• **Activity**:
From the line containing "Spécimen de Bell MT Std Italic" to the line containing "LOUIS VUITTON Padlock" in the records below, set down every line exactly as it stands, both ends included, and skip the pictures.
━━ Data for this exercise ━━
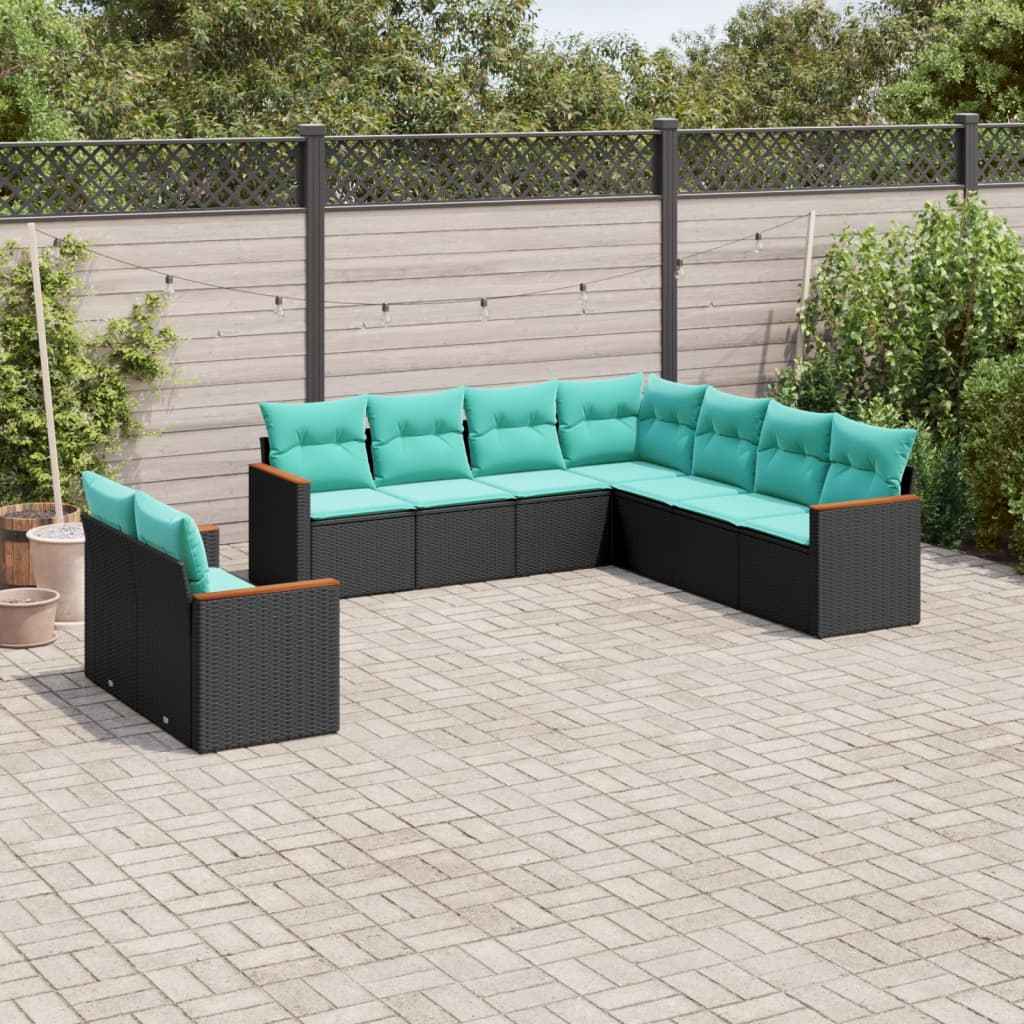 vidaXL 9-delige tuinbankset met kussens van zwart polyrotan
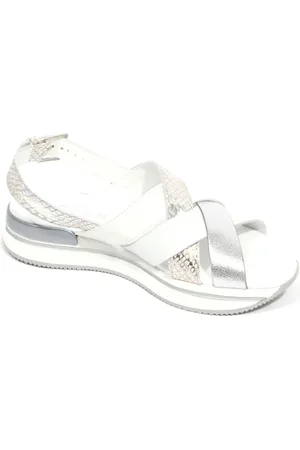 Hogan Flat Sandals, female, , Size: 6 US Crossed Straps Sandal in /Silver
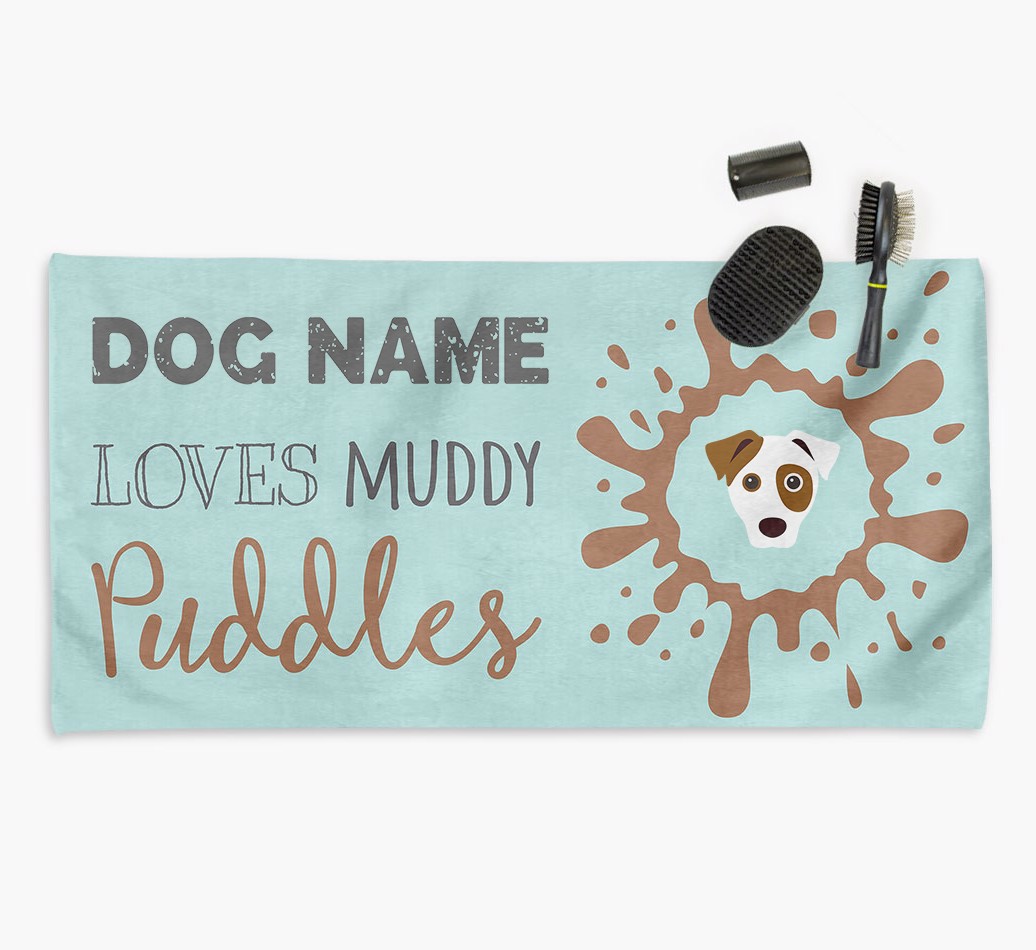 'Muddy Puddles' Dog Towel for your {breedCommonName}
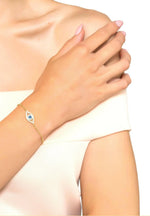 Evil Eye Elliptical Bracelet Blue Gold.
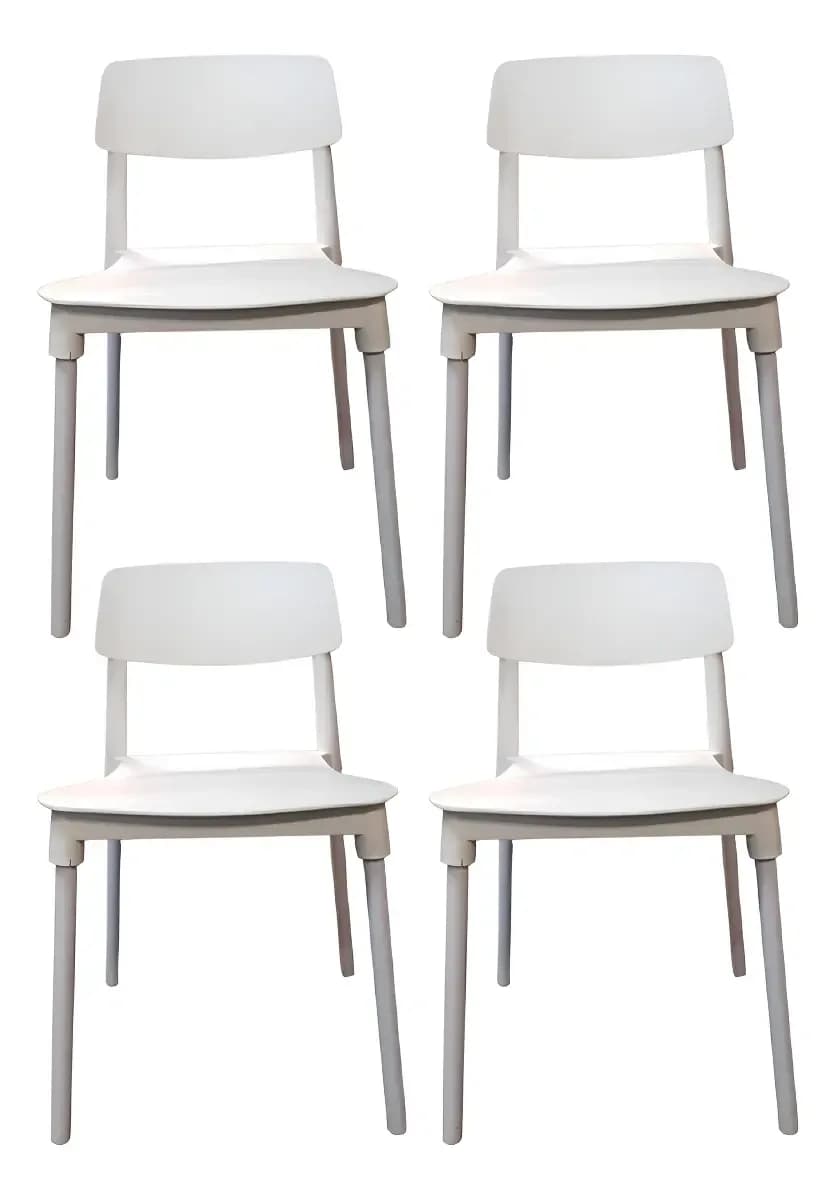 Silla Plástica Apilable Bm Nordica Patas Metal Blanco Set 4 Moderna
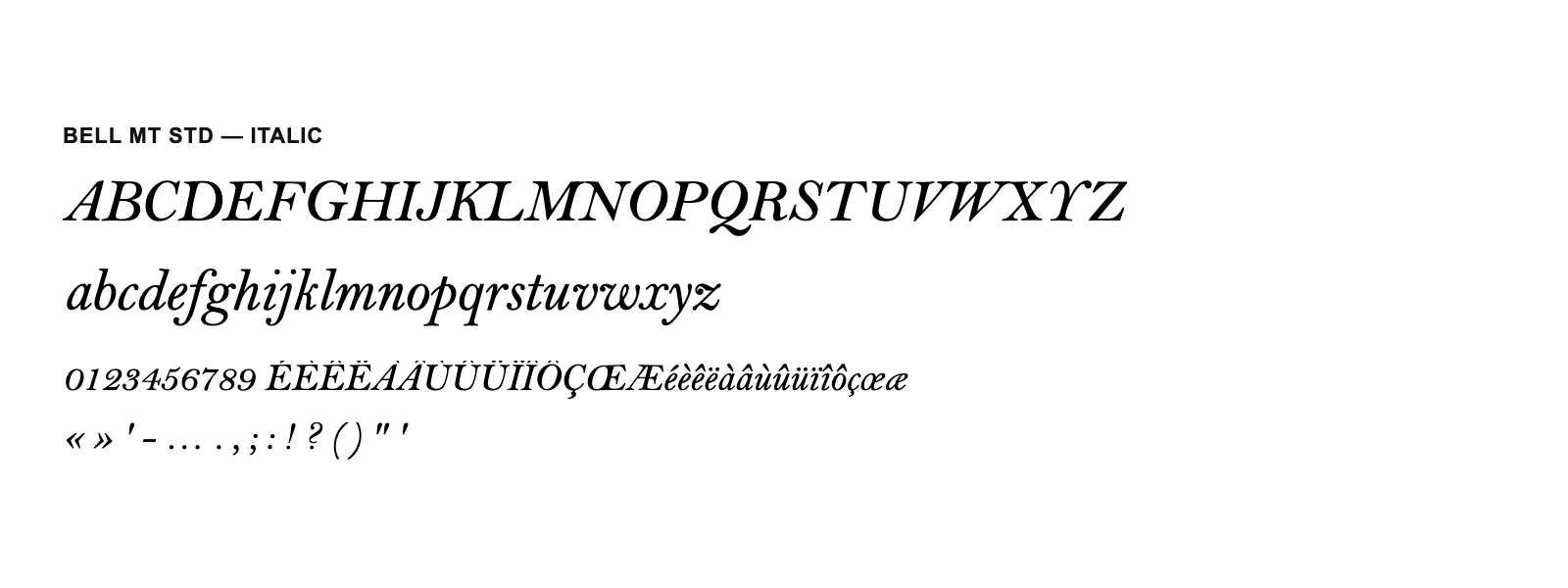 Spécimen de Bell MT Std Italic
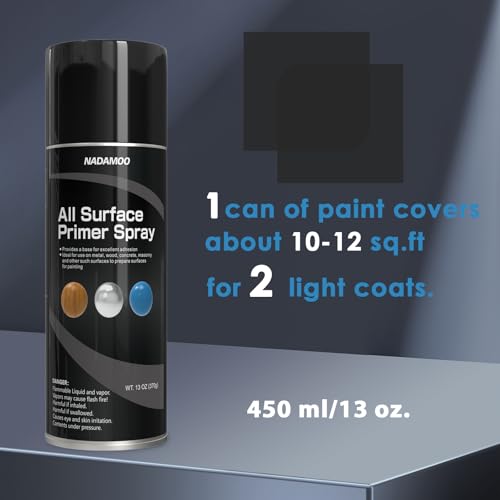 NADAMOO All Surface Primer Spray, Matte Black One-Part Epoxy Primer, 1 Can - color: Black, style: Pack of 1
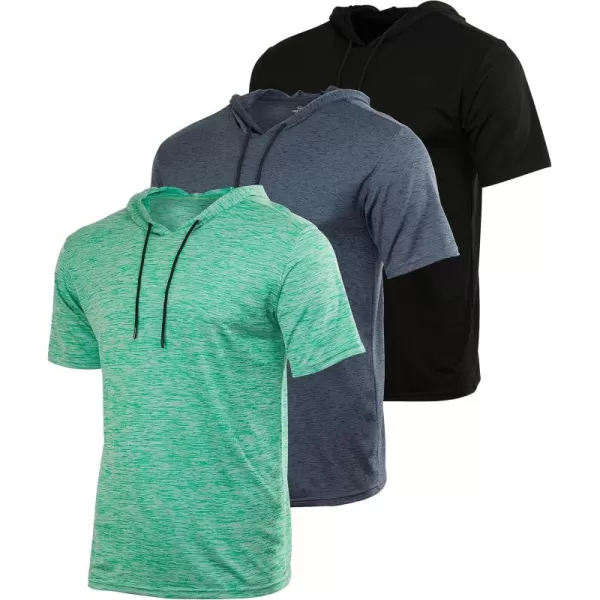 Real Essentials 3 Pack Mens Dry Fit Short Sleeve Active Athletic Hoodie Pullover Sweatshirt Available in Big ampamp TallSet 11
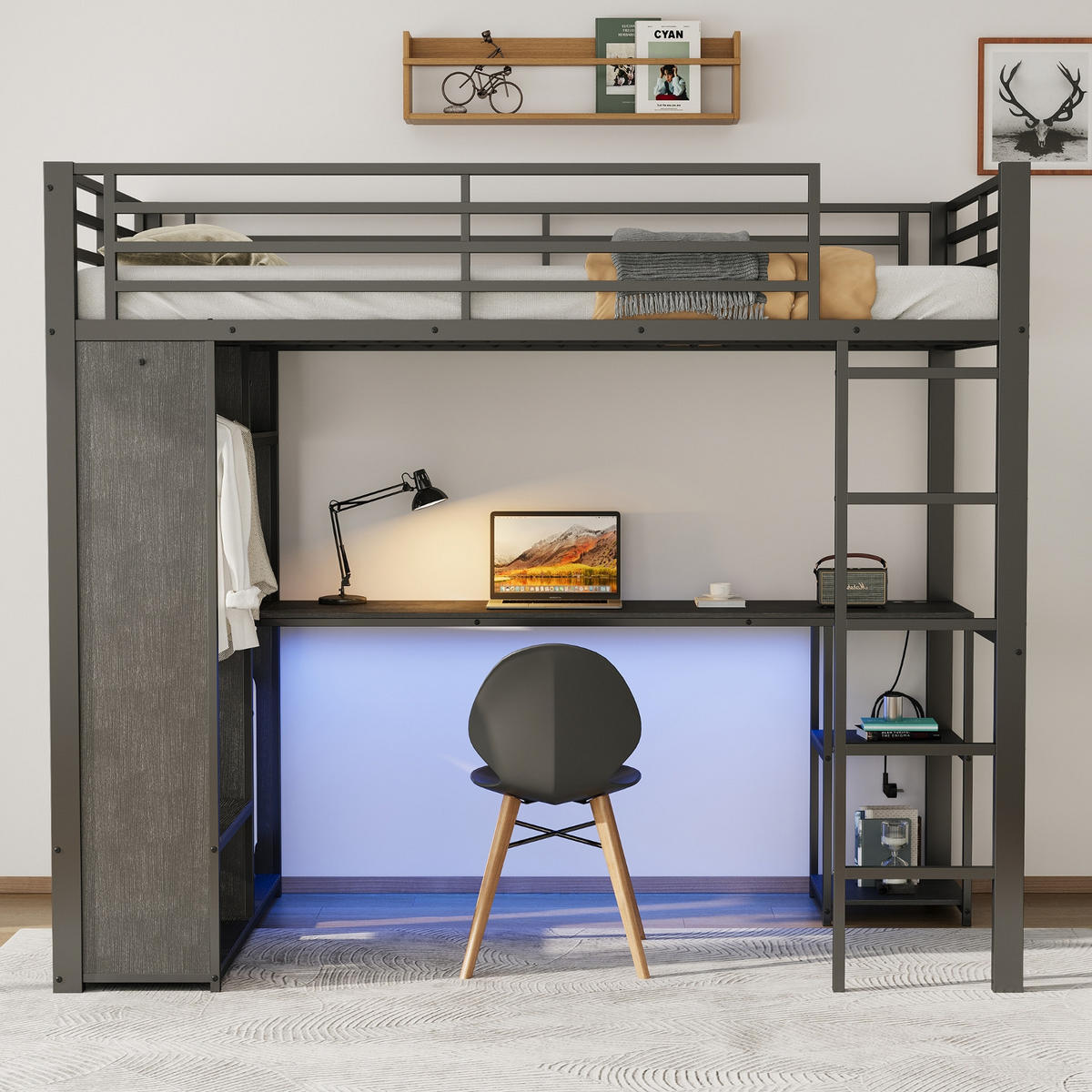 HOCHBETT 90/200 cm Schwarz mit LED-Lichtleiste, Schreibtisch und Offener Kleiderschrank - Schwarz, Metall (90/200cm) - Oxeza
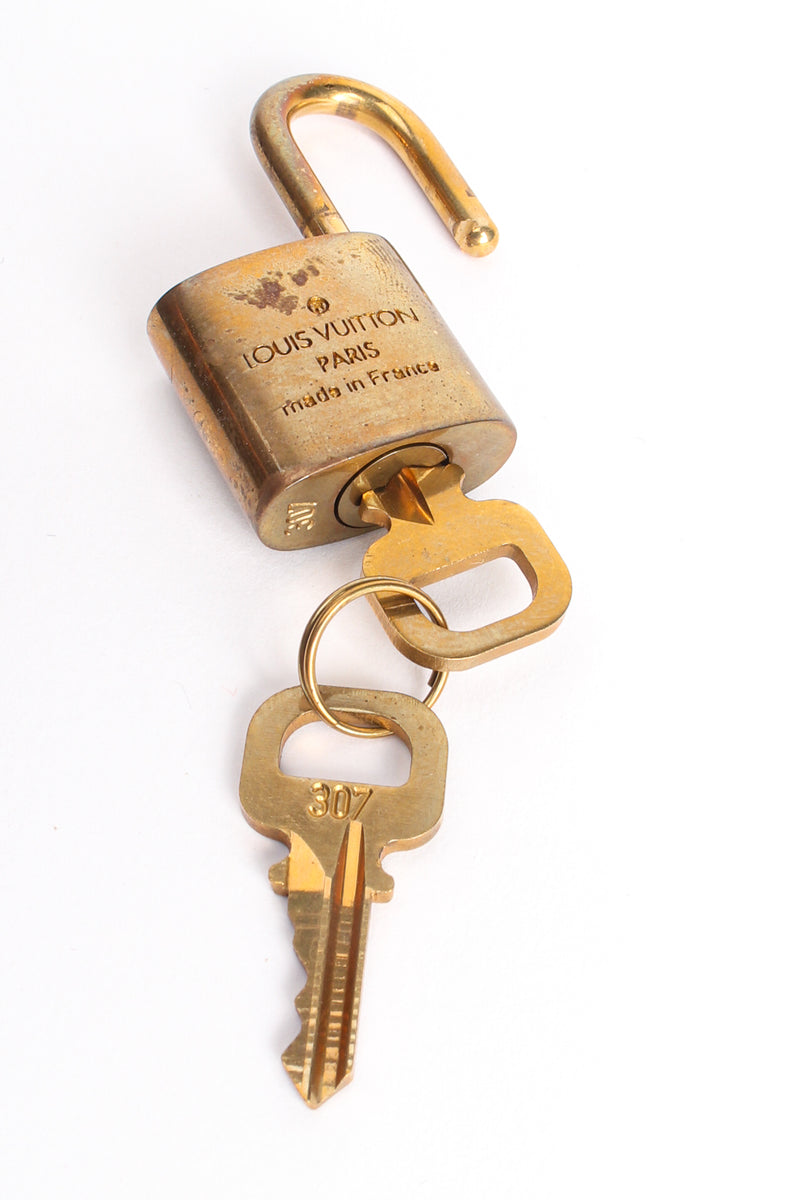 LOUIS VUITTON Padlock Lock & Key matt silver set of 3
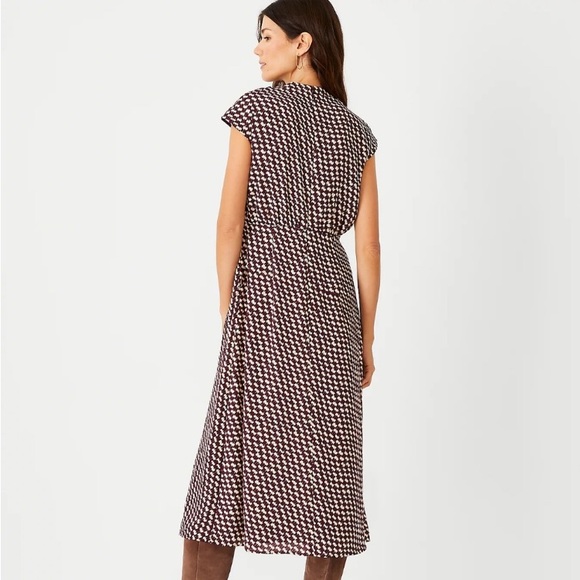 EUC Ann Taylor Dress Houndstooth Blouson & Flare Midi Brown Cream Size 2 - Picture 2 of 10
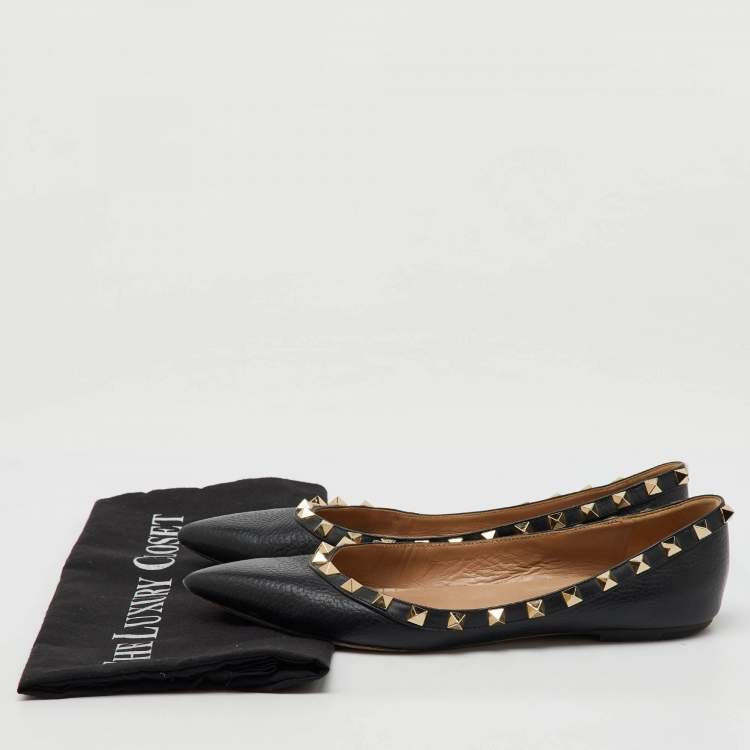 Pre Owned Valentino Black Leather Rockstud Ballet Flats Size 37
━━━
• **Your solution**:
 Spécimen de Bell MT Std Italic
 NADAMOO All Surface Primer Spray, Matte Black One-Part Epoxy Primer, 1 Can - color: Black, style: Pack of 1
 Real Essentials 3 Pack Mens Dry Fit Short Sleeve Active Athletic Hoodie Pullover Sweatshirt Available in Big ampamp TallSet 11
 HOCHBETT 90/200 cm Schwarz mit LED-Lichtleiste, Schreibtisch und Offener Kleiderschrank - Schwarz, Metall (90/200cm) - Oxeza
 LOUIS VUITTON Padlock Lock & Key matt silver set of 3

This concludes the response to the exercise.